Do I want to be an artist and sell my work?
How about a pattern writer?
A business owner?
I can’t pin point it exactly. It changes on a day to day basis and it drives me nuts. I wish I could just have a plan and go to town on it but I can’t. I can’t bring myself to choose because what if I do and I find something better? What if I fail miserably at what I attempt?
I know failing isn’t the worst thing and that it’s completely necessary for success. I know that without failure you can’t learn from the experience and grow. But I also know that if I fail in one thing, or seemingly fail, or I criticize myself to pieces over it, my heart breaks a little.
Then I don’t even know where to begin with it all. I know that if I take the teaching route I’ll need to go back to school which isn’t horrible either. I love school. I just hate the burden of debt afterward. Then what if I go back to school for the teaching degree, change my mind again and then end up with all that debt and no degree to go along with it?
These are the things I think about. I look at every situation from every single angle and overanalyze it to pieces until I just can’t think about it anymore.
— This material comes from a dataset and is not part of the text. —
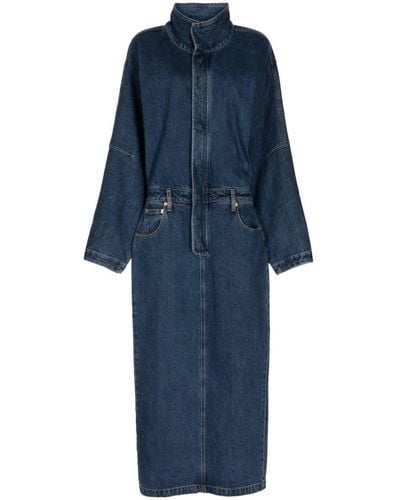 Ronny Kobo Midi-jurk Met Lange Mouwen - Blauw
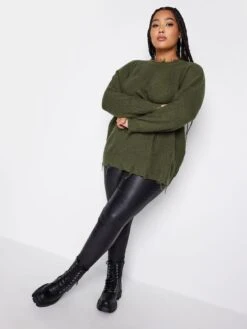 Yours Fashion Distressed Jumper Khaki -RIVE IS Clothing Shop VQJD9 SQ3 0000000047 GREEN MDo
I thought I was alone in this and thankfully I’m not. That test did a lot to help in the process of figuring out why I do the things I do. Why I can be SO excited about a project, my book for instance, work on it for hours at a time, but once I get up I can’t bring myself to go back to it. My studio is packed full of projects that I’ve started, gotten half way thru and put away.
Maybe out of fear that I’ll mess it up after working so hard on it for so long.
Maybe it’s because I simply lost interest.
Maybe it’s even because I had a lot of different ideas going on in my mind that day and another one got the better of me while I was in the middle of another.
Can you see why I become so frustrated with myself? I can’t even type this blog post without going back and changing words to make them fit better, or because I’m doubting the word that I had used won’t get my point across the right way.
I’ve always described myself as a “procrastinating perfectionist”…it’s scary how true that really is. At least there’s a more professional term for it, a personality type for it and that 4% of people I have it in common with.
I’m glad that I’m not alone in this. That it’s just my personality type. In the meantime I’ve decided I’m going to stop obsessing over the career thing. I have a solid job for now and worrying about being 28 and not having a direct path for a career isn’t the worst thing in the world.
I have my amazing family. I have some wonderful friends. I have a good home. I have a silly dog. I have a job that’s fun to work at and it keeps me social and a little less awkward.
(Well…that whole socially awkward thing, thankfully, is also part of being an INFP, so I’ll just let it go.)
So today…now that I’ve addressed the reasons behind why I am the way I am, I’m going to enjoy my blessings around me. We’re all happy, healthy and taking care of each other in an old school, family style way.
That’s what really counts.
Maybe I’ll figure out the career thing.
Maybe it’ll just come to me.
Maybe I’ll find one where I could have the time, money and energy to be able to work on all the other paths I’ve started wandering down.
Maybe I will go back to school to become an art teacher and maybe it’ll work out fantastically because I’ll have the same schedule as the kids, I’ll have nights and weekends off, school vacations, a steady income and time to do all sorts of other things like write and such.
Maybe that’s my avenue.
Maybe that’s been my avenue all along and I just didn’t realize it, notice, was too scared to fail or change my mind or didn’t know where to even begin with it.
In either case, I cannot change these things today, not right at this second, so I’m going to put them on paper, type them out into the world and see what comes of it. For now, I’m happy with where I am (even if I am still serving after eight years, but hey, at least I’m working and making a better life for us…) with the people I have around me and even with all the unfinished projects downstairs.